2,3,8,14,15,21,24,29,30,31,38,41,45,52,65,75,77,87,90

19 total


----------



## Brenda

Open callbacks to last series

2,29,30,31,41,65,75,77,87,90

10 total


----------



## JS

Progress report on the AM???

Thanks

JS


----------



## Brenda

Derby callbacks to the last series

3,4,5,6,10,15,16,17,18


----------



## Brenda

Amateur callbacks to the water blind*

4,6,15,19,24,25,26,35,37,38,39,42,47,48,49,51

16 total


----------



## Brenda

Open Results

1st-#77 Pete H/Steve Yozamp O/ Bob Zylla 
2nd-#29 Chef O/H Edward Krueger
3rd-#2 Haley H/Dave Rorem O/Marion Stroud -Swingle
4th-#41 Miah O/H Steve Ritter
RJ-#75 Windy O/H Ken Neil
JAMS- 31,65

Congrats to All!!


----------



## HiRollerlabs

Congratulations to all!
Does this give Chef his AFC? I think it might. Way to go Ed, Eileen and Chef!!!



Brenda said:


> Open Results
> 
> 1st-#77 Pete H/Steve Yozamp O/ Bob Zylla
> 2nd-#29 Chef H/Jim Beck O/ Edward Krueger
> 3rd-#2 Haley H/Dave Rorem O/Marion Stroud -Swingle
> 4th-#41 Miah O/H Steve Ritter
> RJ-#75 Windy O/H Ken Neil
> JAMS- 31,65
> 
> Congrats to All!!


----------



## birdthrower51

Congratulations, Ed & to Jim Beck for handling Chef to a second in the Open! 
(or if Ed handled him, double congrats!)


----------



## Buzz

For what its worth, Chef was handled by Ed...

Congrats Ed on a 2nd and qualifying for the National Am! All your hard work over the years is paying off!




Brenda said:


> Open Results
> 
> 1st-#77 Pete H/Steve Yozamp O/ Bob Zylla
> 2nd-#29 Chef H/Jim Beck O/ Edward Krueger
> 3rd-#2 Haley H/Dave Rorem O/Marion Stroud -Swingle
> 4th-#41 Miah O/H Steve Ritter
> RJ-#75 Windy O/H Ken Neil
> JAMS- 31,65
> 
> Congrats to All!!


----------



## JS

Buzz said:


> *For what its worth*, Chef was handled by Ed...

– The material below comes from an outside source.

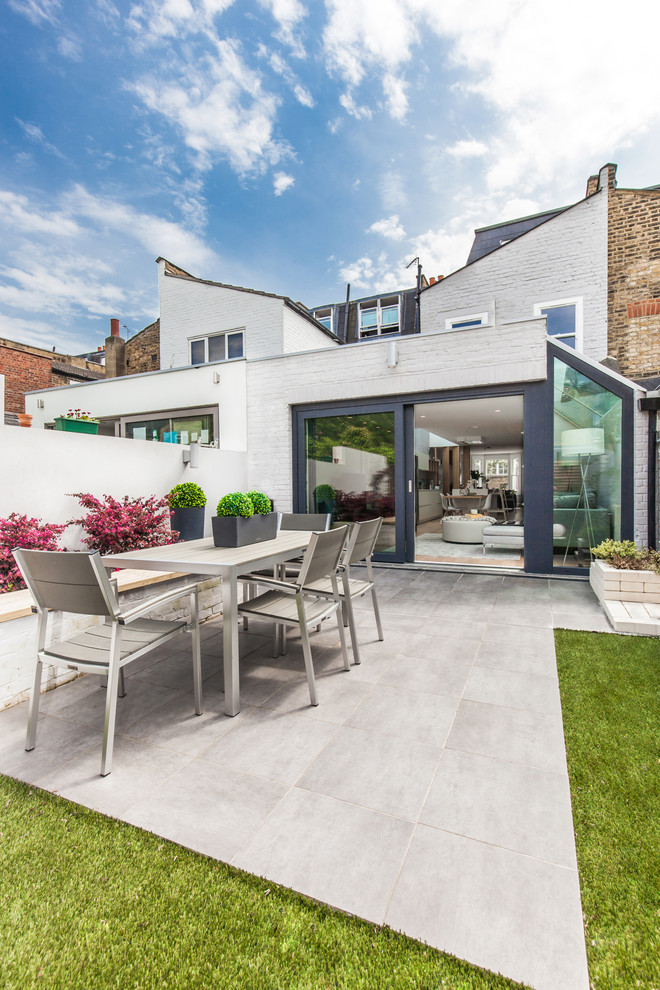 This is an example of a large contemporary backyard patio in London with natural stone pavers.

Well, that's worth quite a bit!!! 



Buzz said:


> Congrats Ed on a 2nd and *qualifying for the National Am*! All your hard work over the years is paying off!


Congratulations! Chef is coming into his time!

JS


----------



## drbobsd

Wow Ed!!! Very large Congrats to you and Chef! I knew he was great when Chef was a little guy. Your just continuing to prove it to us. 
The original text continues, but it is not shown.